While Nixon was caught with his hand in the cookie jar, it seems like politics used to be more corrupt in general, in that era and before.
It’s difficult to meaningfully bribe the general populace. Vouching to lower taxes is about the best you can do. If you just need to convince the party head that you’re the person to choose, then all sorts of backroom shenanigans are easy to arrange, and so they did and so we had lots of corrupt leaders. Moving back to party-head selection process would likely mean a return to general corruption.
Superdelegates are probably also prone to fall into the bucket of corruptible entities, in the long run, even if they aren’t yet.
The Venetians had an elaborate system of electing the Doge that used several steps of randomness to try and ensure that no one affiliated with anyone was making the decision, and you couldn’t predict who those people were, so you couldn’t bribe them. And that system ended up becoming corrupted because, in essence, while selecting random people as the electors, they were always random people from the nobility - and the nobility had become a corrupt class, in general, so they tended to pick people who would continue to make that more easy.

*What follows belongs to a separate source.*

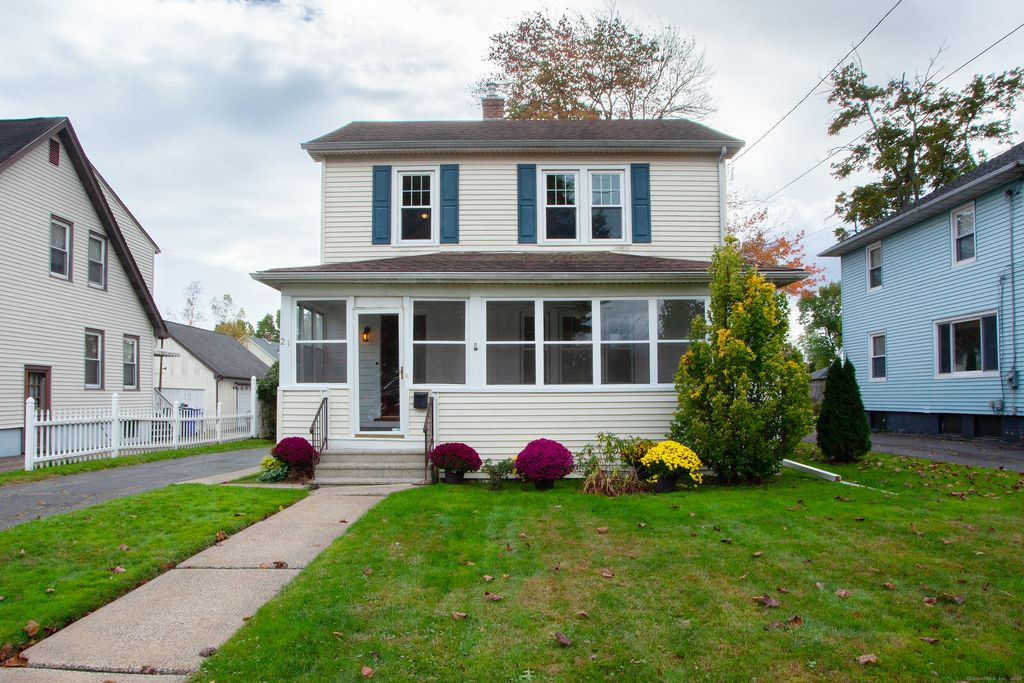 Photo of 21 Saint James Street, West Hartford, CT 06119 (MLS # 24134007)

It seems that Clinton did, effectively, buy the election within the party. More than them pulling some clever moves to hurt Bernie, her ability to finance the party made it impossible for other candidates to step up to run against her, despite Hillary having been an unpopular candidate that most anyone could have won against if they’d been able to. The party decided that it was more useful to have the money to use on Congress than to have a strong candidate.
That had nothing to do with Superdelegates. Clinton won more because no one else ran against her than because the Superdelegates backed her. There should have been more names in the race than just Clinton and some Socialist crank. But even were that not the case, Superdelegates would eventual become a target for bribery and corruption.

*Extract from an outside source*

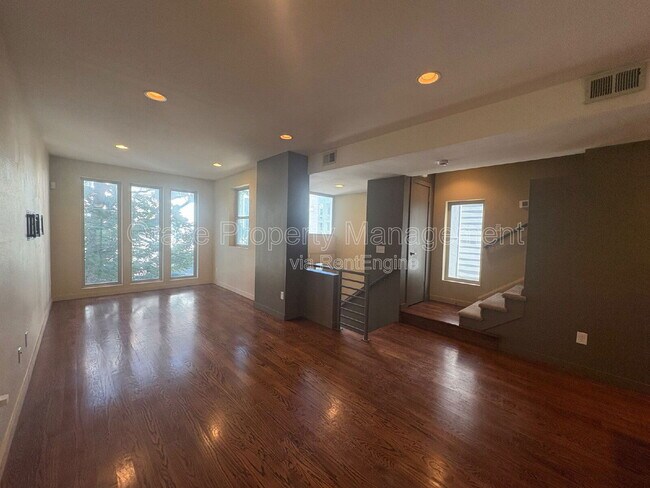 Photo - 3400 Larimer St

Democracy, on the other hand, while hard to corrupt - unless you’re narrowing it down to sub-sections of the populace, which you can do given enough time - doesn’t really prevent corruption either. And, more importantly, it promotes Demagogues. Which isn’t to say that a Demagogue is bad. Julius Caesar was, at the end of the day, a clever guy who knew how to get shit done.
But consistently finding a good Demagogue is hard, and even the best of us will go downhill at some point (read about the last years of Madison’s life, for example). Many a great leader has screwed over his legacy in old age, unable to recognize that he’s no longer the man he was. Nepotism, in particular, is a factor that seems to be very hard for even the wisest people to avoid. While doing everything else smart and canny, they’ll then go and put in their idiot son as their successor.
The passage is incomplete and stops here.